Le « caractère essentiellement apologétique » du battage médiatique autour de Loft Story ne fait assurément aucun doute : si l’émission avait été traitée avec un réel mépris, ignorée dès l’origine, son audience n’aurait jamais dépassé celle du public ciblé. Loana n’aurait jamais envahi la sphère intellectuelle du sans-télé. Loft Story ne serait pas devenu un phénomène de société.
Sentant poindre la critique sur son traitement exagéré du sujet, Le Monde s’en expliquait dans son éditorial du 13 mai, intitulé « Le miroir de Loft Story » : « le pays semble divisé en deux camps, pour ou contre, curieux ou moralisateurs, procureurs de la "télé-poubelle" ou adeptes de la "télé-réalité", dénonciateurs de l’avènement d’un totalitarisme soft ou promoteurs d’une démocratie de l’individu dont, dans les deux hypothèses, la télévision serait l’enjeu et l’instrument ». Car c’est une habitude, dans la presse bien pensante : le pays se doit d’être divisé en deux camps. Et si possible sur le sujet le plus insignifiant.
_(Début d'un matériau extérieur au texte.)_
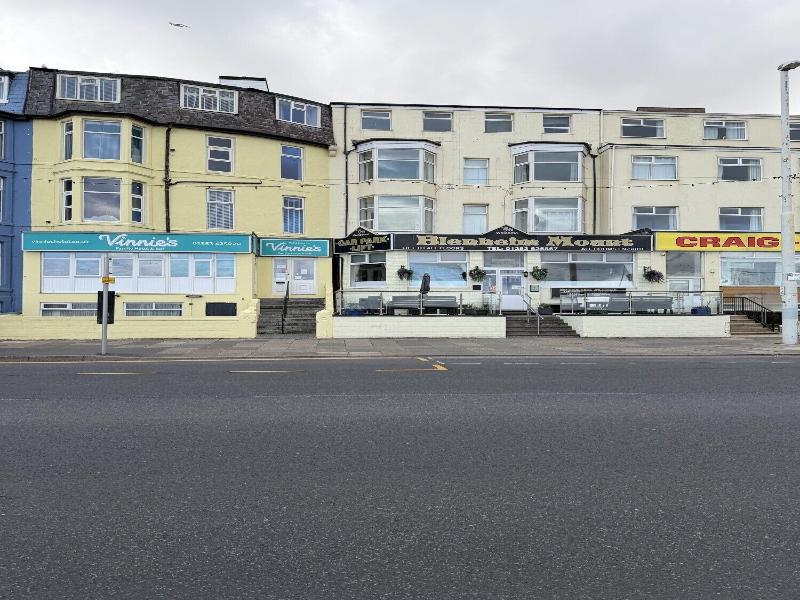 Earlsway Hotel image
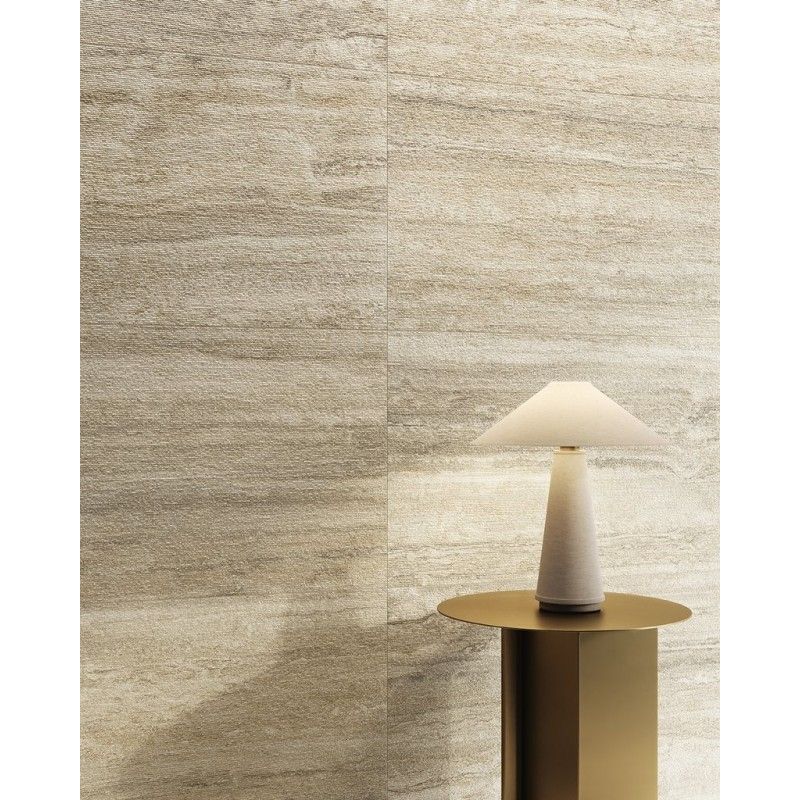 INVICTUS RIGATO BEIGE 60X120 - CERAMICA SANT'AGOSTINO CSAINVBR12 CERAMICA SANT'AGOSTINO - 1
Ayant posé les bases de cette prétendue « grande querelle nationale », qu’il n’hésite pas à comparer à la division droite-gauche en mai 81, Le Monde conclut fort naturellement qu’il ne peut pas se désintéresser de ce débat historique, qui passionne à tel point les français : « Largement ouvert - et c’est un signe de santé démocratique et de vie intellectuelle -, le débat s’est traduit par des points de vue contradictoires dans nos colonnes. [...] Ce débat est, de fait, le meilleur démenti aux prophètes de malheur. C’est la preuve que la réalité ne parle pas toute seule, comme une image brute volée par des caméras. Elle se raconte, s’explique, se commente dans une médiation plurielle. Débattre de "Loft Story", c’est refuser l’illusion de la "télé-réalité". »
Pour dynamiter, si besoin était, l’alibi de la « médiation plurielle », une dernière cartouche de Debord : « L’ensemble des connaissances qui continue de se développer actuellement comme pensée du spectacle doit justifier une société sans justifications, et se constituer en science générale de la fausse conscience. Elle est entièrement conditionnée par le fait qu’elle ne peut ni ne veut penser sa propre base matérielle dans le système spectaculaire. »
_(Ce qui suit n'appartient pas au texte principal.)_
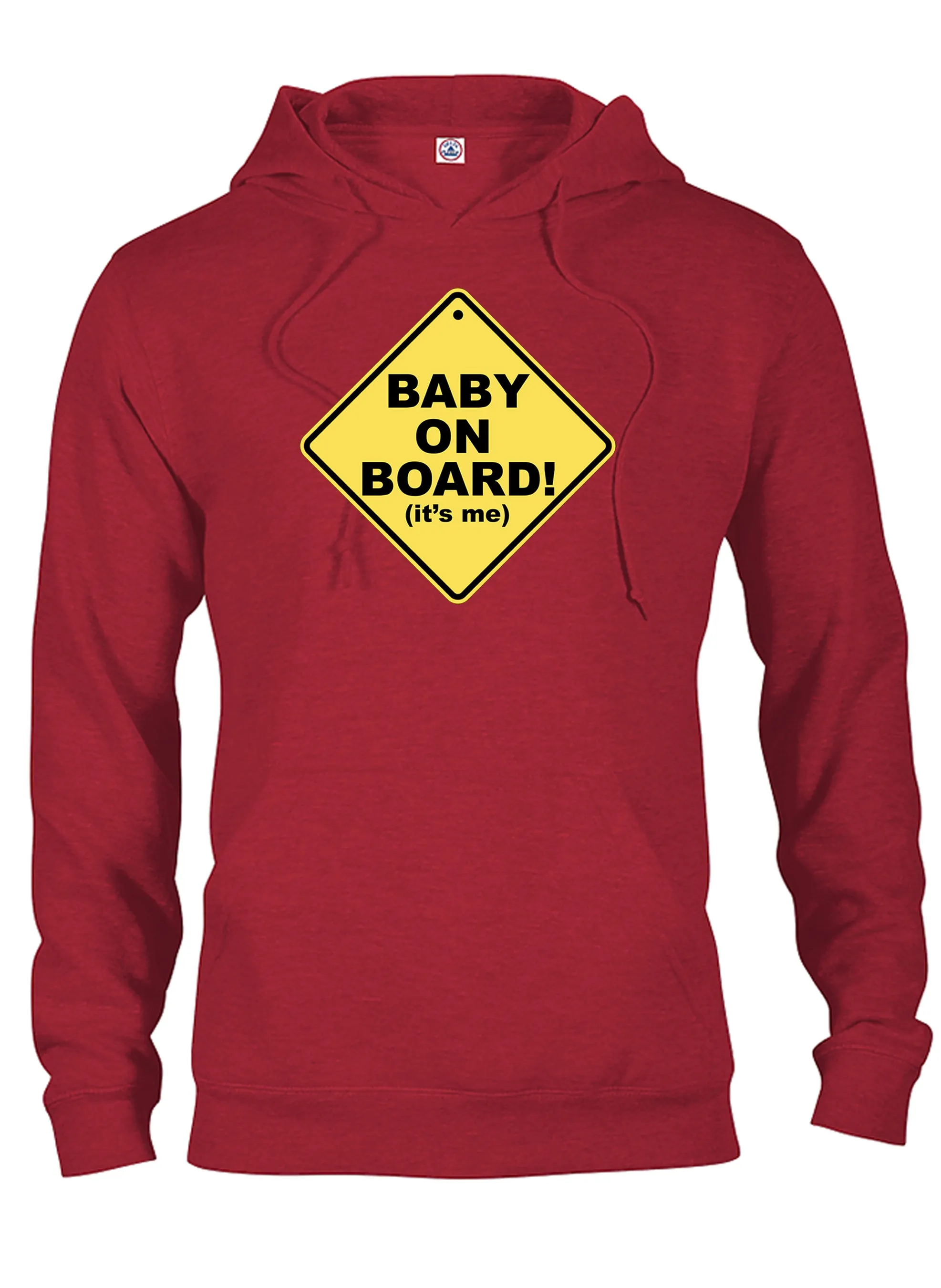 Baby On Board! (it’s me) T-Shirt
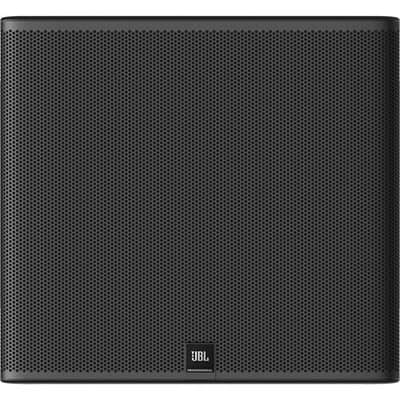JBL SLP14/T-BK 4 2-Way Low Profile Wall Mount Speaker, Black image 2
Sa « propre base matérielle » n’est pourtant pas dénuée d’intérêt. On apprenait ainsi, dans la revue de presse de Pascale Clark, que Libé et Le Monde, médiateurs pluriels s’il en est dans les débats dépourvus d’intérêt, avaient augmenté leurs ventes de 15% les jours où ils avaient fait leur une sur Loft Story. Ce qui explique probablement pourquoi, pendant plusieurs jours consécutifs, les « ventres de une » du Monde avaient pris soin d’incorporer « Loft Story » dans leur titre. Même si « Les Américains nous promettent Loft Story sur Mars dans 20 ans » n’avait rigoureusement rien à voir avec le sujet - et dont le titre était même, pour faire vendre, carrément mensonger.
Et l’on pouvait sourire, lorsque les mêmes journaux nous rapportaient, la semaine dernière, qu’M6 s’apprêtait à lancer toute une série de produits dérivés (vêtements, magazines…). Sans oser s’avouer qu’ils n’étaient plus eux-mêmes que les produits dérivés de l’insignifiance qu’ils avaient réussi à élever au rang de phénomène de société.